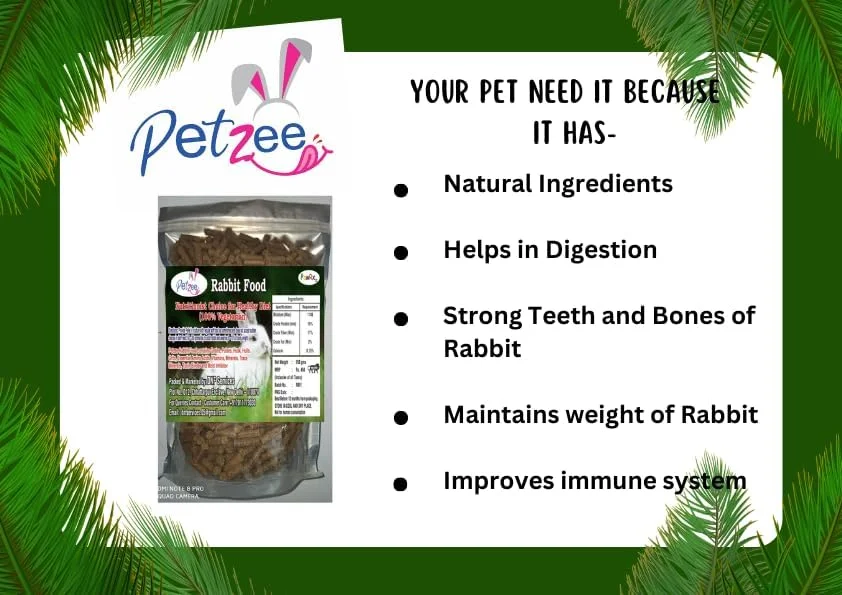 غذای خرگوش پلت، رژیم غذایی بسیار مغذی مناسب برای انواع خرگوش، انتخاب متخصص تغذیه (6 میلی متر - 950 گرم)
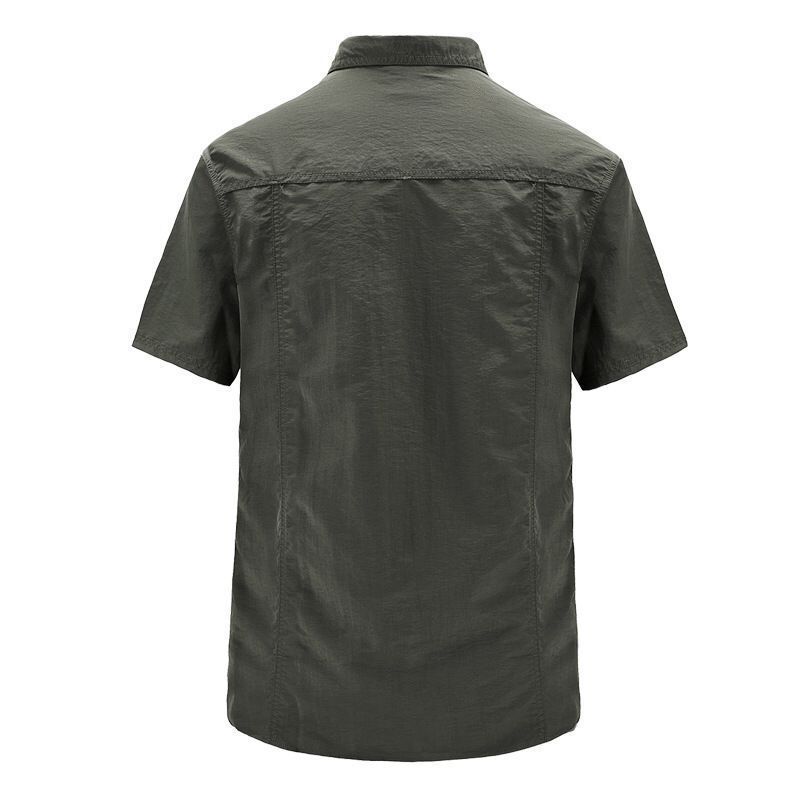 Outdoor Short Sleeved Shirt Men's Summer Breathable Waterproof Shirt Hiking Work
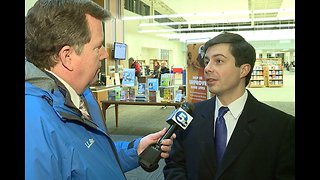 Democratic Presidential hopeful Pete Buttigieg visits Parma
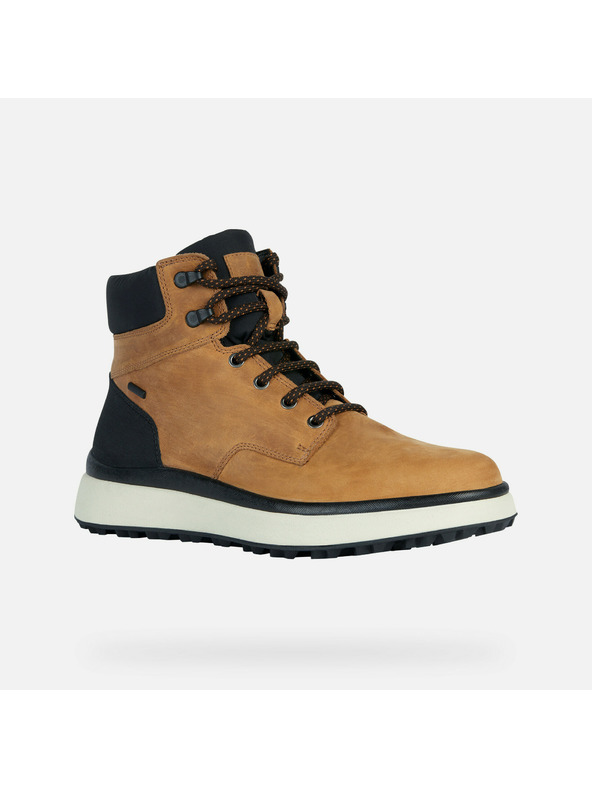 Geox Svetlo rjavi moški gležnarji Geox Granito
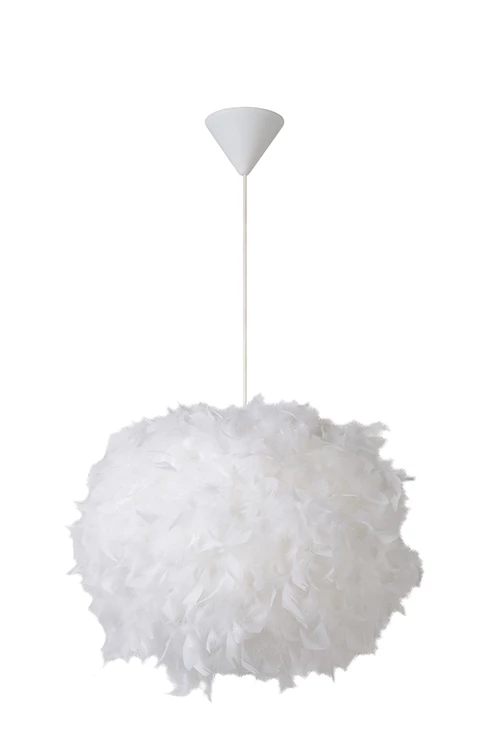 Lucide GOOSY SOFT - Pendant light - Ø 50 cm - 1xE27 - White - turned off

...

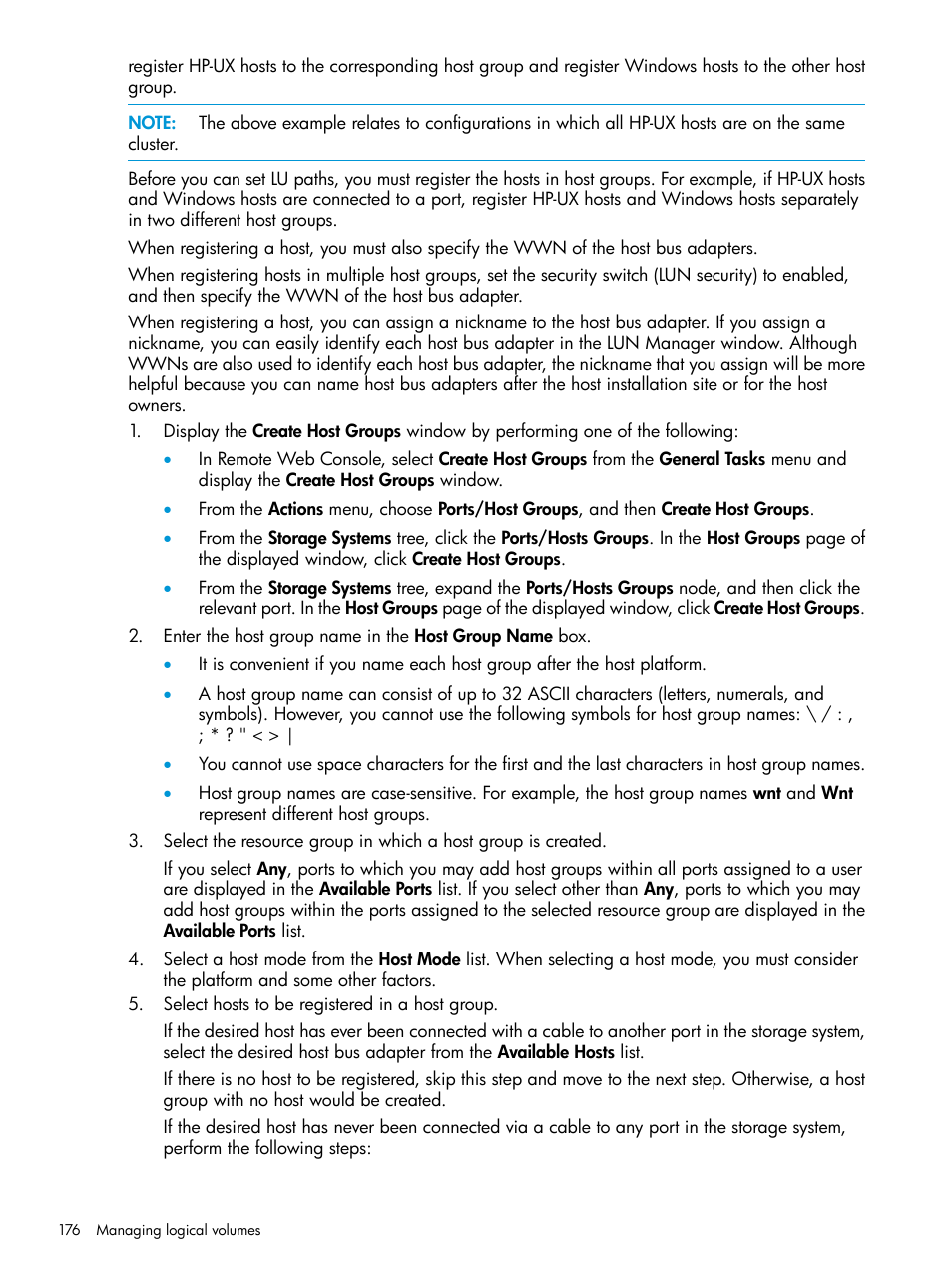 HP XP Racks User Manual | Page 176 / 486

■ DIRECTIONS ■
Would you restate, exactly and with no pictures, the lines of the entries above from the one containing "غذای خرگوش پلت،" through the one containing "Lucide GOOSY SOFT"?

■ ANSWER SECTION ■
 غذای خرگوش پلت، رژیم غذایی بسیار مغذی مناسب برای انواع خرگوش، انتخاب متخصص تغذیه (6 میلی متر - 950 گرم)
 Outdoor Short Sleeved Shirt Men's Summer Breathable Waterproof Shirt Hiking Work
 Democratic Presidential hopeful Pete Buttigieg visits Parma
 Geox Svetlo rjavi moški gležnarji Geox Granito
 Lucide GOOSY SOFT - Pendant light - Ø 50 cm - 1xE27 - White - turned off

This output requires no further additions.